Sorry to hear about your troubles.

This is one of my favorite splurge items that I have bought for woodworking. My problem was that the two pieces that you need to butt joint were not square so I had to square them myself. After that I have had zero problems with the gauge.


----------



## Howie

Crush: you are entirely correct about a "few" that seem to always have negative comments and nothing positive.However if you notice, LJer's quit responding to their comments and sooner or later these people move on to other sites where they can agitate someone else. Just remember life's too short to put up with people like that.


----------



## jbertelson

I have this item, but it was purchased 18 months ago. It performs as advertised, but has a habit of losing calibration from time to time. But I use it all the time, and set up things by decimals, instead of fractions. I keep a conversion table hanging right near the saw. The bolts they shipped with it were just fine…........but….....

Recently putting together a stand than came with my scroll saw, and modifying it to be a drill press stand, I came across a bolt that was just totally cast wrong. It was unreal. Fortunately, it was stock bolt, and I had a replacement in the shop. I think this is what Neil was saying also.

The point here is, I think that these companies change suppliers from time to time, and sometimes a new low ball supplier substitutes a lower spec item, or does poor quality control.
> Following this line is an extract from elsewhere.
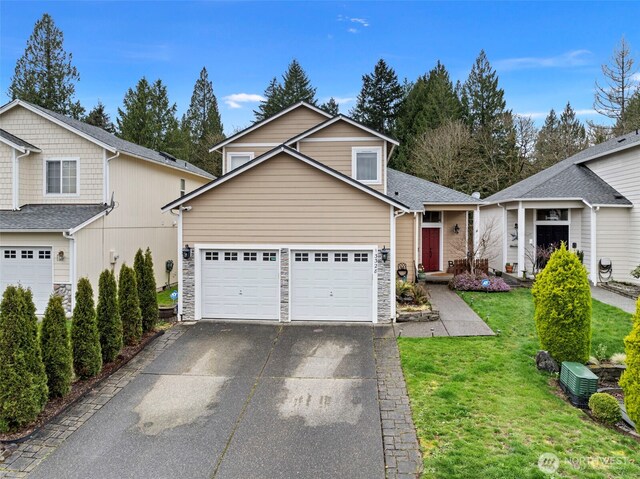 13328 67th Ave E, Puyallup, WA 98373 - view of front of house with stone siding, aphalt driveway, and a front yard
I think that good tool suppliers have figured out how to maintain quality control, while purchasing from a country, China, that is all over the map in terms of quality. I would guess that Wixey has not figured that one out yet, and ended up with a bunch of bad bolts. It might actually be a build to spec company in China, that substituted the low quality bolts, and some guy on the sly pocketed the difference. Witness the adulteration of milk with melamine that killed babies.

I hope Wixey sees this post, or you complain directly to them, crushgroovin, they will suffer if they don't figure this one out fast.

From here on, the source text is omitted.